The reputation of the medical profession and the pharma-state complex will take a generation to recover, if ever, from the Covid era, Lysenko-science, infliction of mass authoritarian-state psychosis. Excellent synopsis, John.
Regarding the subtle attack on RFK Jr in this article. Feel free to do this mental exercise. Replace "trusting vaccines and big pharma are good for your health" with "we're heading towards a climate apocalypse and must electrify everything" (or whatever you think the climate alarmist standpoint is). They use the same rhetoric about the science being settled, for climate they call it 'cheap and more robust energy systems' for vaccines they call it 'safe and effective'.
Now Kennedy shows up, clearly from the 'other' side, actually forcing the institutes to throw out the 'climate alarmist' doctors that can only think in terms of more injections, not in terms of actually making people healthier again and here you fall into the exact same trap that you're trying to oppose on this site: following the mass media and the 'consensus'.
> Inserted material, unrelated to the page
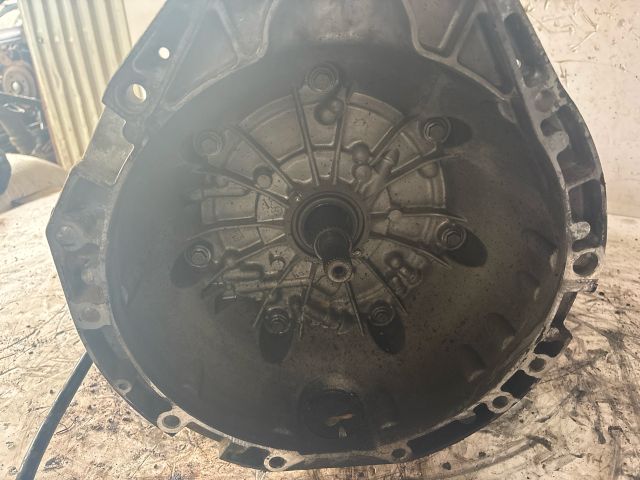 bontott CADILLAC STS Automata Váltó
He's one man, with an admittedly very shady past, who is challenging doctrine that has been shown (but hidden by the mainstream media, does that ring a bell?) to be detrimental for people's health for decades to restore the actual science into that domain. Some overshoot correction is bound to occur here and there, but overall I believe RFK Jr is the one truly positive transformative thing in the whole Trump cabinet. Trump himself is just a baboon and while I also think that the USA needed that baboon, baboons don't create a future, while Kennedy actually seems to try to do that.
To point out a few of the vaccine-domain equivalents of the 'consensus' we have in climate.
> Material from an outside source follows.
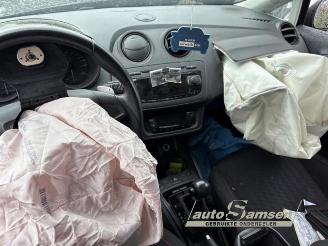 Seat Ibiza Ibiza IV SC (6J1), Hatchback 3-drs, 2008 / 2016 1.4 TSI 16V Cupra picture 6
* vaccines are effective: practically no vaccine since the 70s has actually been tested for effectiveness, only for safety. The assumption is that the effectiveness is there (if program the models to increase in temperature when CO2 levels rise and we let the CO2 levels rise, the models show warming!)
* vaccines are safe: that safety test I just mentioned has been done for the past decades against previously approved vaccines or vaccine-like liquids, not against a placebo, and with a margin of error. So if I got approval for my vaccine that caused cerebral palsy in 1 kid (just the one), I can compare the next vaccine against that, which may result in 2 kids getting it vs the 1 in the 'control group', that's still just one kid, right? Over the years this has led to a staggering increase in accepted harm reported during testing. This is something RFK Jr is actively trying to change: every new vaccine needs to be tested against an actual placebo for safety. NOT doing so is dangerous.
* vaccines are necessary/preventable diseases should be prevented: this only applies to actually life-altering diseases and only if there is a real chance of you coming into contact with those. Most vaccines given to kids are for diseases that may be nasty, but not fatal nor debilitating in the long run. Especially if there is a decent hospital nearby in case something does go wrong. Many diseases that were dangerous in the past are very rare and very well treatable nowadays.
* we'll lose herd immunity if not enough people are vaccinated: Simulations and experiments show that herd immunity from vaccines doesn't really exist. The mathematical simulations show that you need an absurdly high percentage to actually get this benefit (like 98% or so) and that is assuming that the vaccine is 100% effective in stopping transmission (which is rarely the case, the few that actually do something just make you get less sick, but you're still contagious). Experiments confirm this.
Please consider this before making remarks again about RFK Jr being a crackpot (although it's a fact that he's smoked crack) and about his ideas being dangerous. That's exactly the kind of thing they say about climate realists such as yourself too and you don't like it either and you know it isn't true.